* Materials provided

=== Begin Enclosure ===

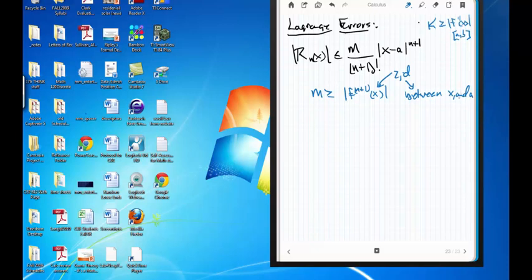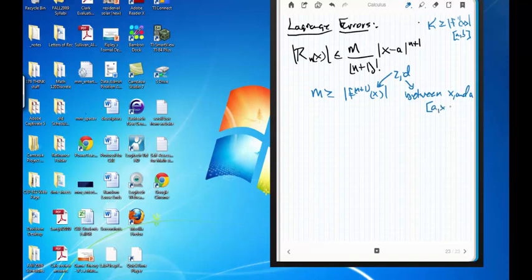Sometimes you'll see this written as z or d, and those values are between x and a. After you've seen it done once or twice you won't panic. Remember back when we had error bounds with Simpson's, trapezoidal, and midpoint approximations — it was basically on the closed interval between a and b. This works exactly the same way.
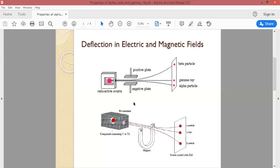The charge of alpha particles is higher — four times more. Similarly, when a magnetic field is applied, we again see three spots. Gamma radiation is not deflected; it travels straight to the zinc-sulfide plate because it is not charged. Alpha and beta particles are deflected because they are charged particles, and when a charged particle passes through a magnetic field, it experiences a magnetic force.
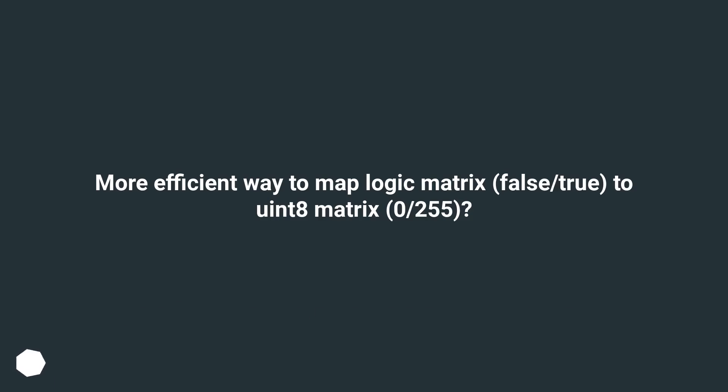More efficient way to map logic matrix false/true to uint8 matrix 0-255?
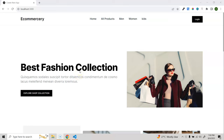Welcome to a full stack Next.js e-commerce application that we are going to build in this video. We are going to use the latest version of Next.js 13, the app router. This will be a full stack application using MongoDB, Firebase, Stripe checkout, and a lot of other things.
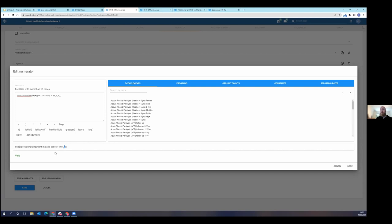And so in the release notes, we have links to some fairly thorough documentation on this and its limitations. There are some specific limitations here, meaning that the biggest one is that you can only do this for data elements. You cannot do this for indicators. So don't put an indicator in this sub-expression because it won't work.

=== End Enclosure ===

* Aim of the exercise
A word-for-word copy is needed of the lines from the line holding "The charge of" through the end of the records, both included, excluding every picture.

* Solution to this problem
The charge of alpha particles is higher — four times more. Similarly, when a magnetic field is applied, we again see three spots. Gamma radiation is not deflected; it travels straight to the zinc-sulfide plate because it is not charged. Alpha and beta particles are deflected because they are charged particles, and when a charged particle passes through a magnetic field, it experiences a magnetic force.
More efficient way to map logic matrix false/true to uint8 matrix 0-255?
Welcome to a full stack Next.js e-commerce application that we are going to build in this video. We are going to use the latest version of Next.js 13, the app router. This will be a full stack application using MongoDB, Firebase, Stripe checkout, and a lot of other things.
And so in the release notes, we have links to some fairly thorough documentation on this and its limitations. There are some specific limitations here, meaning that the biggest one is that you can only do this for data elements. You cannot do this for indicators. So don't put an indicator in this sub-expression because it won't work.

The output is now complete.